Nach Rekord im Vormonat Schock für die deutsche Industrie – Auftragslage bricht ein
Entgegen der Erwartung der Experten hat Deutschlands Industrie im August ein sattes Minus bei den Aufträgen eingefahren. Ein Grund dafür ist der Materialmangel. Doch es gibt Hoffnungen.
Nach einem Rekordstand im Juli hat die deutsche Industrie im August einen unerwarteten Auftragseinbruch erlitten. Die Unternehmen sammelten 7,7 Prozent weniger Bestellungen ein als im Vormonat, wie das Statistische Bundesamt am Mittwoch mitteilte.
Das war der größte Rückgang seit April 2020, als die Corona-Krise für eine Nachfrageflaute sorgte. Von Reuters befragte Ökonomen hatten lediglich mit einem Rückgang von 2,1 Prozent gerechnet.
"Das Ergebnis ist auf den ersten Blick ein Schock, schmerzt auf dem höheren Niveau aber weniger als in normalen Zeiten", sagte der Chefvolkswirt des Bankhauses Lampe, Alexander Krüger. So folgt der Einbruch auf sehr kräftige Anstiege in den Vormonaten Juli (+4,9 Prozent) und Juni (+4,6 Prozent), die auch durch Großaufträge im sonstigen Fahrzeugbau – etwa Flugzeuge, Schiffe und Züge – zustande kamen.
Ferienzeit und Materialmangel sorgen für Dämpfer
Die Betriebsferien der Autobauer, die in den August fielen, dürften ebenfalls zum Minus beigetragen haben. "Das satte Minus zeigt, der Materialmangel bremst auch die Auftragseingänge kräftig ein", nannte der Chefvolkswirt der VP Bank, Thomas Gitzel, einen weiteren Grund für das schwache Abschneiden. "Wenn ohnehin klar ist, dass nicht geliefert werden kann, bestellen viele Unternehmen erst gar nicht."
Gemessen am Februar 2020, dem Monat vor Beginn der Einschränkungen im Zuge der Corona-Pandemie, liegen die Aufträge noch immer um 8,5 Prozent höher. Verglichen mit dem deutlich von der Pandemie beeinträchtigten Vorjahresmonat August 2020 zogen sie sogar um 11,7 Prozent an. "Insgesamt lagen die Bestellungen im Verarbeitenden Gewerbe immer noch auf hohem Niveau", betonte das Bundeswirtschaftsministerium deshalb.
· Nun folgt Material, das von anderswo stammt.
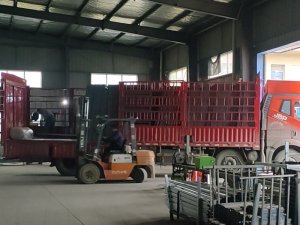 2025年9月30日鋅鋼百葉窗裝車發貨！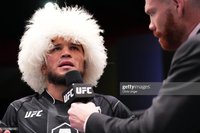 Блиц-интервью Умара Нурмагомедова после победы над Раони Барселосом на UFC Fight Night 217 – видео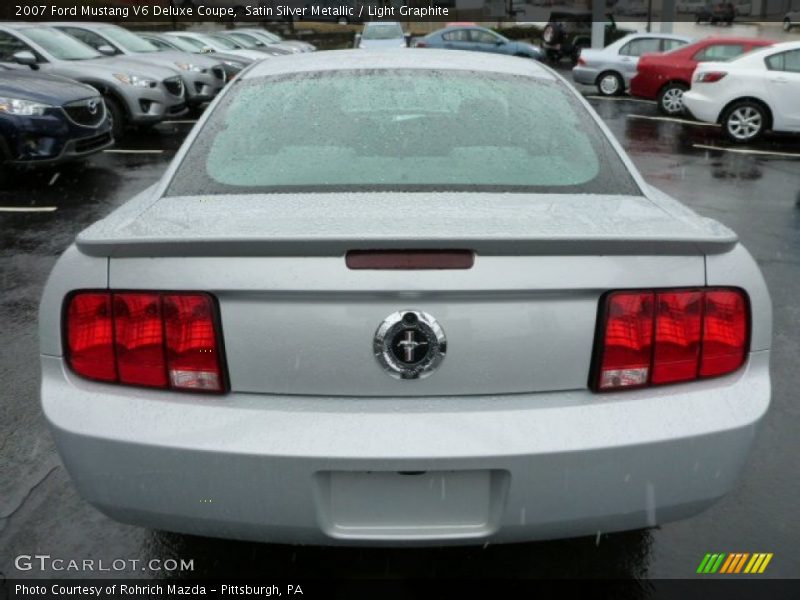 Satin Silver Metallic / Light Graphite 2007 Ford Mustang V6 Deluxe Coupe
Volkswirt: Zukunft der Industrie dennoch "rosig"
Für das schwache Abschneiden sorgte die geringere Auslandsnachfrage. Sie fiel um 9,5 Prozent schwächer aus als im Vormonat. Dabei nahmen die Aufträge aus der Euro-Zone um 1,6 Prozent zu, während die aus dem restlichen Ausland um 15,2 Prozent schrumpften. Die Bestellungen aus dem Inland ließen um 5,2 Prozent nach.
ING-Chefvolkswirt Carsten Brzeski kann dem Einbruch auch eine positive Seite abgewinnen. "Sie bringt eine gewisse Erleichterung für die deutschen Hersteller, die zunehmend unter hohen Auftragsbeständen leiden", sagte er. "Angesichts der immer noch gut gefüllten Auftragsbücher und der niedrigen Lagerbestände dürfte die Zukunft der Industrieproduktion äußerst rosig sein."
Führende Institute haben gerade erst ihre Wachstumsprognose für die deutsche Wirtschaft in diesem Jahr deutlich gesenkt, weil die Industrie zwar auf prallen Auftragsbüchern sitzt, wegen fehlender Vorprodukte wie Mikrochips aber mit der Produktion nicht hinterherkommt. Das Kieler Institut für Weltwirtschaft (IfW) schraubte deshalb seine Wachstumsprognose von 3,9 auf 2,6 Prozent nach unten.